先日、スズキの「2030年度に向けた成長戦略説明会」という記者会見を見ていて驚いた。
「2030年度までの製品計画」の紹介では「欧州においてバッテリーEV(電気自動車)を5モデル展開」と説明し、そのイメージイラストのなかに「これはどう見ても『ジムニー』でしょ?」というクルマも含まれていた。イラストというかシルエットでだけど。
でも、驚いたのは「ついにジムニーにまでEVが用意される!」ってことではない。そんなのは昨今のEVを取り巻く環境を考えればあり得る話だし、あくまで7年先までの計画にすぎないのだから「確約」ってわけでもない。でも、驚いたのはその前の説明「日本における2030年度までの製品計画」との違いだ。

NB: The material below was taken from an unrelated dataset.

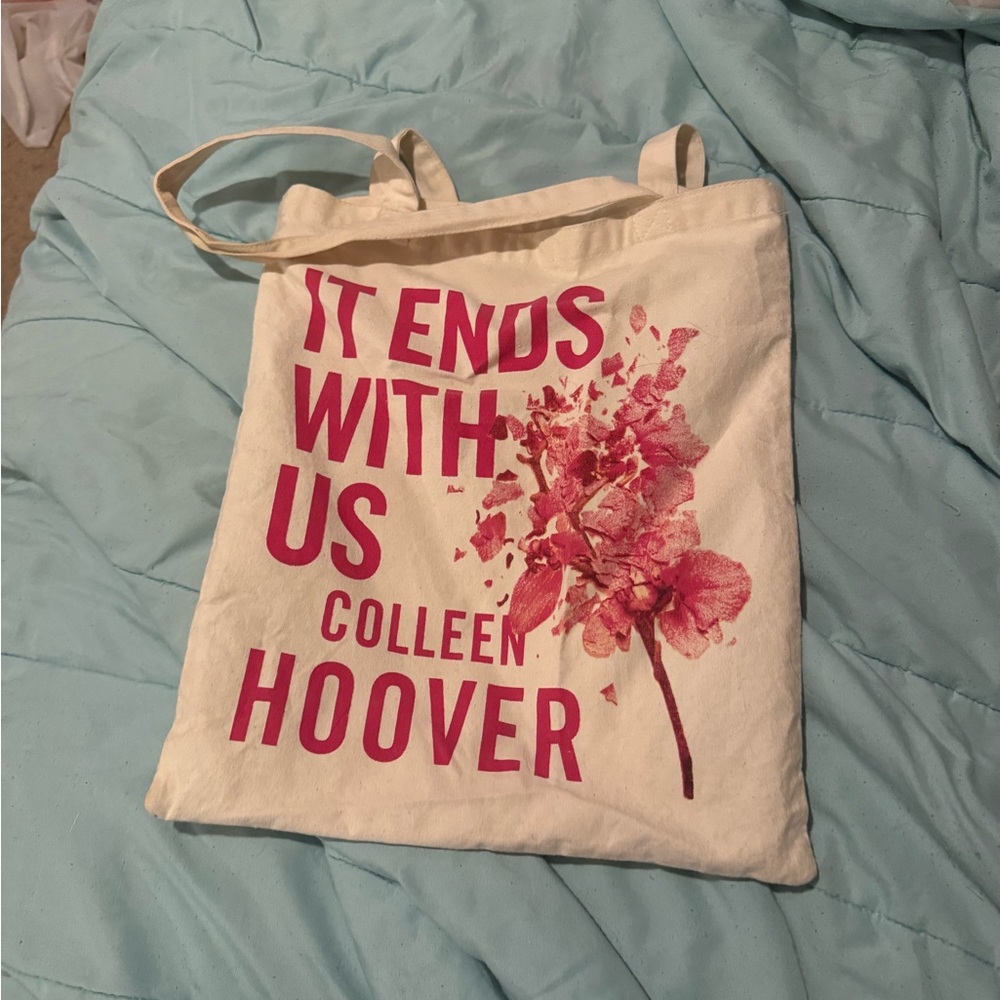 'It Ends With Us' Pink Graphic Tote Bag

「日本においてバッテリーEVを6モデル展開する」というのだが、なんとそのなかにはジムニー(らしきクルマ)の姿がないのだ(「ハスラー」っぽいのはあった)。ジムニー(らしきクルマ)のEVモデルが“欧州には計画があるのに日本にはない”なんて! 一体どうなっているのだスズキ?
まあ「ジムニーのEVが出たら日本で人気を博してたくさん売れるのか?」と問われれば「当然でしょ!」と即答する自信はあいにく筆者にはないけれど、あれですよアレ。「アッチにはあるのに、コッチにはどうしてないんだ?」という、ないものねだりです。本当にわがままですいません。やっぱり隣の芝生は青く見えるんです。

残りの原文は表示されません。